ここでちょびっとだけスクウォットの説明をしますと、ある一定期間空き家になった場所に勝手に住み着いちゃって、それでさらに一定期間すぎるともうそこに住む権利が発生するみたいな。いろんな理由があるらしいが聞いたところによると、住宅難のアムステルダム、いい場所には金持ちばかりが住めるようになってしまい、それに対して貧しい人々が国に文句をいい、でも解決できない国側は、そういう法律をつくった、みたいな感じらしい。ところで私のオランダ人の友達のひとりは家を点々としているがいつも家賃は無料。それはスクウォットされるのを防ぐために家の持ち主が「自分が家を空けている間、家賃ただで住んでいいよ、でも自分が戻るときには出てってね」という感じで貸している家が結構あるのだ。アーティストである彼はお金がそんなにないから、そのシステムにのっかって無料で住むことができている。システム、と言ったのは、そういう仕組みもちゃんとふつうにあるからだ(名前忘れちった)。こうしてオランダの人々は支えあって生きている。若いアーティストがたくさんいて、彼らが貧しくとも自分の好きなことをやっていける環境がある。

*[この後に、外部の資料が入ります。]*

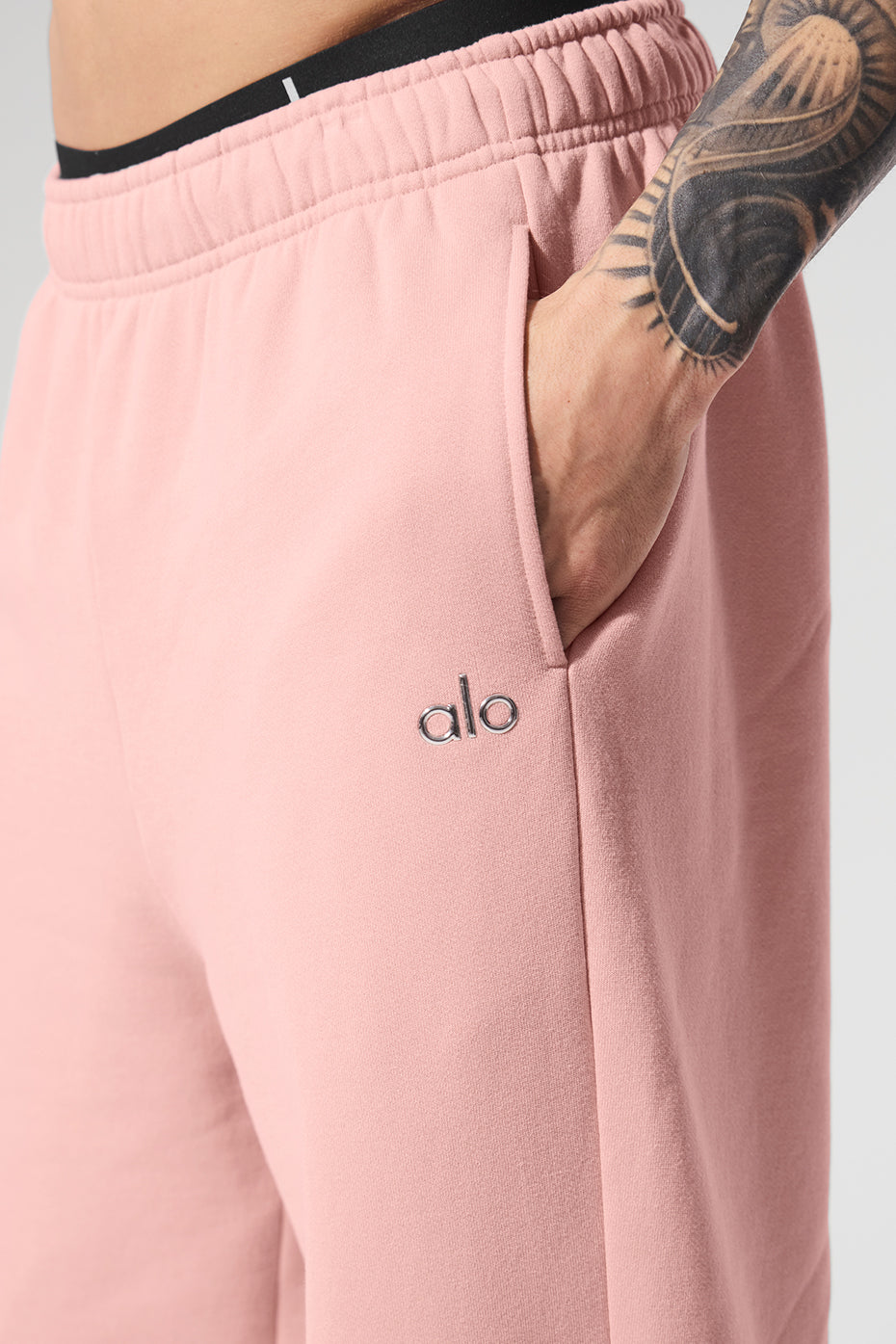 Side view of relaxed fit camo sweatpants in a casual setting.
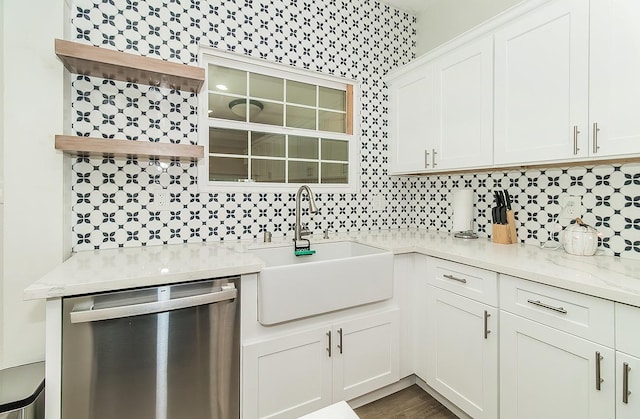 kitchen with dishwasher, white cabinetry, sink, backsplash, and light stone counters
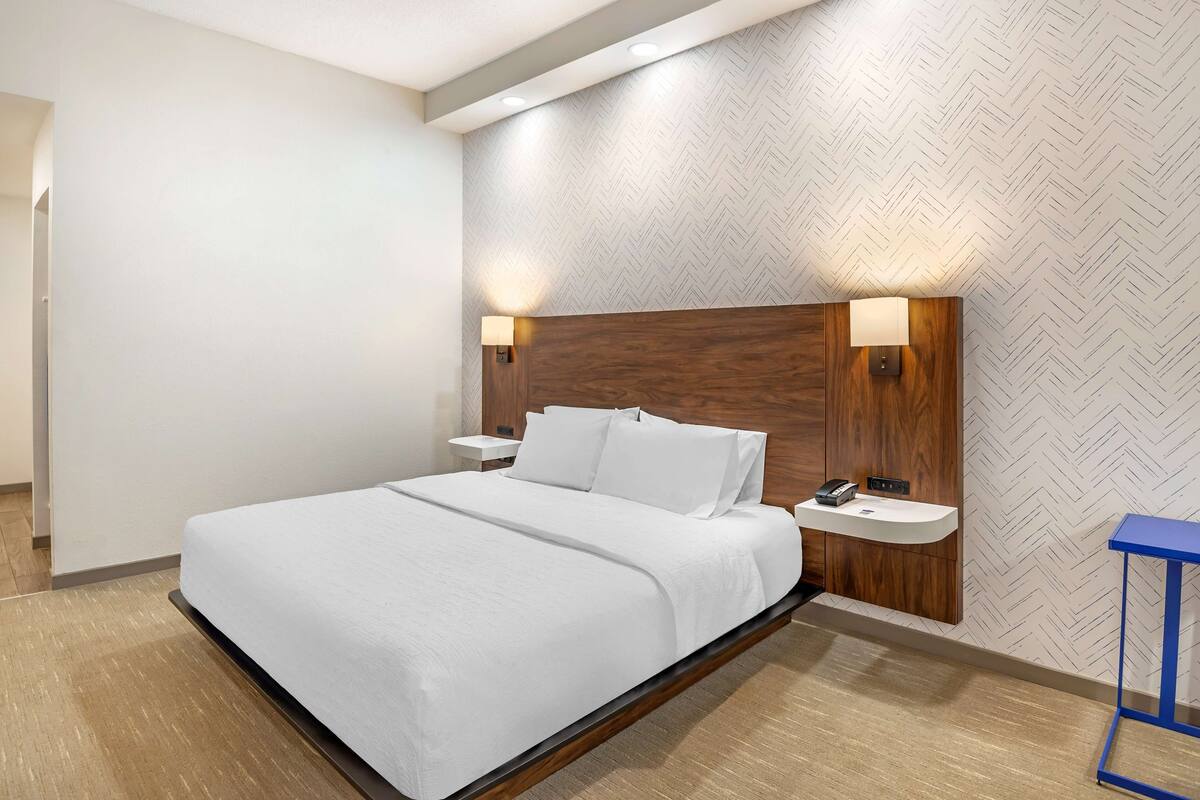 Una habitación de hotel moderna con una cama grande, cabecera de madera, dos mesitas de noche con lámparas y una mesita auxiliar azul.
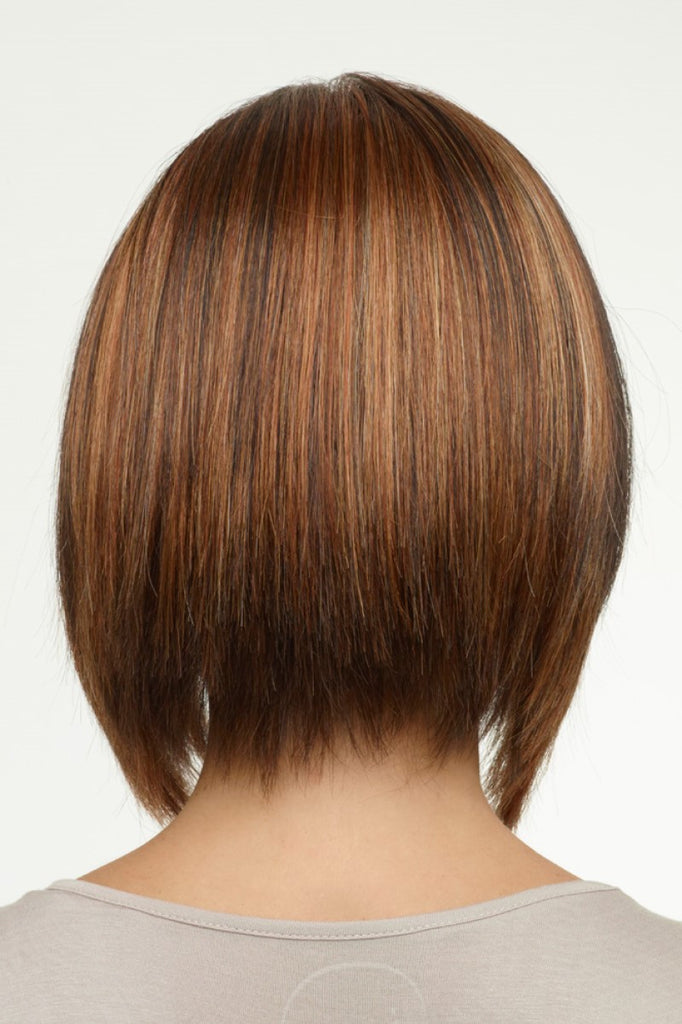 Women's back of the head as she is wearing Envy Kimberly in a coper toned brunette color.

話を今日行ったバーのことに戻そうじゃないですか兄貴。ちょっとした林のなかにぽっつーんとあるその家の周りにはロッキングチェアーとかバンを改造した寝床とかユルさ全開。家の中は薄暗く、ソファがたくさんあり、でかい犬が何匹もそこらへんにゴロゴロ。来ている人々はワカモノはわりと少なく、たぶん私とつれてってくれた友達がいちばん若かった。平均年齢40くらいか。やさぐれたハスキーボイスの姐さんから白髪の上品なおばあちゃん、長髪のかっこいいおじさんまでいろいろ。演奏する人々はノーギャラだが、だからこそ自分の好きな演奏をしていてすごい楽しそう。こっちも楽しい。全部で5組くらいだったろうか、私の友達はクラシックギター、あるおじさんはブルース、あるバンドはヒットソングメドレーみたいなポップ、あとはフォークとかだったかな。ギター好きで趣味でやってるようなひとや、学生や、そういうひとたちが楽しんで人前で発表している。お客さんは今回は10人弱くらいか、古いぼろいソファにすっぽりハマって酒を飲みながらご飯を食べながら聞く。あ、ノーギャラっていうのはまったくそうではなくて、演奏者だけはそこで出しているディナーとビールが3本までタダになるっていう仕組みだ。ディナーも超ウマくって、スープ・おっきなプレート・デザートってちゃんとなってて、つっても全部で5EURO。手作りの自然食で、ビーフベジタリアン食か選べる。ビールはハイネケンが1缶1.5EURO。
週1度のこのイベントはほとんどボランティアで運営されている。ここホントにいい。大好き。音楽ってこうあるべきなんじゃないだろうかと思ってしまうほど、みんな純粋に演奏を、聞くことを、楽しんでいる。